The working procedure states that a task force including representatives from the then Maoist combatants can be formed for facilitation of the process.
The Home Ministry will transfer the money to the district administration offices concerned for distribution once the Finance Ministry releases the money.
The legal claimant will get the money if the disqualified combatant is already dead while the combatant can get the money after returning to Nepal if s/he is outside the country.
The disqualified combatants will be paid by the district administration offices where the citizenship certificate was issued. If they reside in another district, the two districts would coordinate in distribution of the money.
The seven political parties and the Maoists on November 8, 2006 had agreed to keep Maoist combatants in the main cantonments at Kailali, Surkhet, Rolpa, Palpa, Kavre, Sindhuli and Ilam districts, and that the combatants would be verified and monitored by the UN to hold peaceful and fair Constituent Assembly Election without any fear, and democratization and restructuring of the Nepal Army as per the spirit of the 12-point agreement, 8-point agreement, 25-point code of conduct, and the five-point letter sent to the UN on August 9, 2006.
The peace agreement signed on November 21, 2006 after that had agreed to keep the Maoist combatants and their weapons in the cantonments.
The agreement for monitoring of management of the weapons and combatants on December 6, 2006 then set standards for Maoist combatants. The person must have joined the Maoists before May 25, 2006, and be born before May 25, 1988 to qualify as combatant during the verification process.
A total of 4,008 persons did not meet those criteria mostly on the grounds of age, and did not get to choose voluntary retirement to get a lump sum from the state or get integrated in the Nepal Army.
There were a total of 32,350 combatants in the cantonments when the Maoists renounced violence and signed the peace deal. Many of them left the cantonments and UNMIN ruled 19,602 of them eligible to be counted as combatants while 4,008 did not qualify to be counted as combatants.
The Nepal Army took charge of the Maoist combatants in April 2012 while agreement for integrating the Maoist combatants into the Nepal Army was reached on November 1, 2012.
A total of 15,630 Maoist combatants, however, opted for voluntary retirement and returned home with Rs 500,000-800,000 while 1,422 were integrated in the Nepal Army. The state spent around Rs 20 billion for running the cantonments, integration of the combatants and payment for those who chose voluntary retirement.

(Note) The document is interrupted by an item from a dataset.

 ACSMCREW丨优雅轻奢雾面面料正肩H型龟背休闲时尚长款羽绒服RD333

There were demands that the Maoist child soldiers who were disqualified during the verification process be compensated by the government at that time while many opined that those deemed disqualified need not be paid with the taxpayers’ money.
The then Baburam Bhattarai government on October 21, 2012 had decided to pay Rs 200,000 to each of those disqualified combatants. But the Supreme Court (SC) was moved against the decision and the government could not dole out the money.

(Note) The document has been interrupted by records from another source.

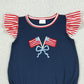 SR3903 Embroidery Bows Flags Baby Girls Flutter Sleeve 4th of July Ruffle Rompers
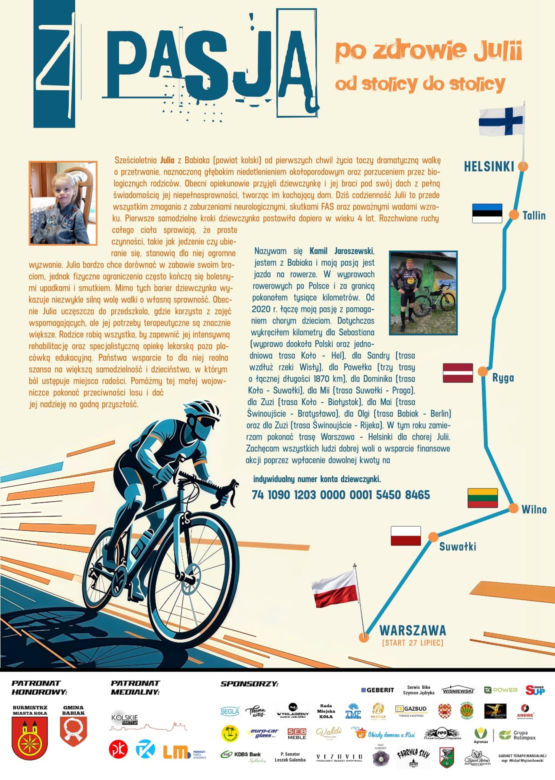 1582 km na rowerze by pomóc choremu dziecku. Czas na podsumowanie akcji "Z pasją po zdrowie Julii"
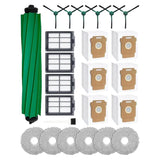 24 Pcs Kit For Robot Vacuum Cleaner: 1 Main Brush,6 Dust Bags,6 Mop Pads,4 Filters,6 Side Brushes And 1Cleaning Brush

The then KP Sharma Oli government had allocated Rs 840 million to pay Rs 200,000 each to the disqualified combatants and those who had opted for voluntary retirement but had not received the lump sum in the budget for the fiscal year 2073/74.
Bishnu Paudel was the finance minister in the coalition government including CPN-UML and CPN (Maoist Center) then. NC lawmakers and conflict victims had moved the SC against the decision and a short-term order by the single bench of Justice Gopal Parajuli had stopped that.
The current government has again decided to pay the disqualified combatants when Maoist Chairman Dahal is the prime minister (PM).
Maoist Center argues that the past governments had also taken the decision and adds that the current government is preparing to provide relief by formulating working procedure as the SC had instructed to pay them only after preparing working procedure.